So, psychological introspections and the description of characters qualities and defaults is as crucial as their interaction with the others. Silence is very catchy owing to his suspense, because it is clear that something terrible is going to happen, but the audience does not know when, but its attitude is suspicious, as the character is hiding somethings. Alcestis does not take part in dialogues very often, but the tragic actions depend on her presence and her condition between life and death. She will be always remembered and praised. The mourning is central in the Alcestis, but in the end it does not even exist anymore. Jason has prejudices, he is pompous, expecially because he is marrying the king’s doughter, while Medea is isolated and she figures out the most orrible way to ruin his life. She is crafty, as it is clear in her mologues, but in dialogues she answers very quickly to questions. As Alcestis, Phaedra does not speak so much and she disappears in the second part of the drama and, nonetheless, everything depends on her. She keeps her secret and when she can’t handle this anymore, she kills herself. Her cheating and lying skills are initially omitted, but suddenly they are revealed in the letter after her death. Hyppolitus is isolated too, but for its personal choice, he does not even talk to anyone, whatsoever to Phaedra, he just offends the nurse in sticomitia and he pronounces a monologue on his misoginy without any eye contacts with the others. We understeand his temper in the beginning when he goes hunting, he sings an hymn to Artemides and he disdains Aphrodites.

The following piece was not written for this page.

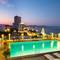 Отель Happy Light Hotel Nha Trang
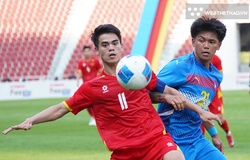 Khuất Văn Khang: “Trái tim” U23 Việt Nam trên hành trình chinh phục VCK châu Á 2026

When the most tragic events are about to happen, the carachters express their feelings in lyric metres in monodies or kommòs, and the most appropriate metres are docmiac and cretic metres and. thanks to the euripidean habitude of solving longa, the rythm is quick and it increases the sense of anxiety.
Also mythical examples announce the imminent tragedy, because humans are compared to gods, whose actions are well known by the audience. The general context has a great deal of analogies with the real situation, but the single events and the gods themselves are so different the comparison underlines the impossibility for human beings to be at the same level as the gods. When the divine charcaters must tackle a bad situation, the chorus uses the example as a warning, but humans do not listen to its voice or they cannot do anything to prevent them from being overwelmed, beacuse it is too late.
Those are proofs that divine interventions are not as numerous as in the previous tragedies and the female characters play by their rules, making men victims, also with few words and rare concret actions.
Gods talk about plans against humans, they quarrel with each other, but all this does not really matter in the plot, it is part of the past events resumed in the prologue just as introduction.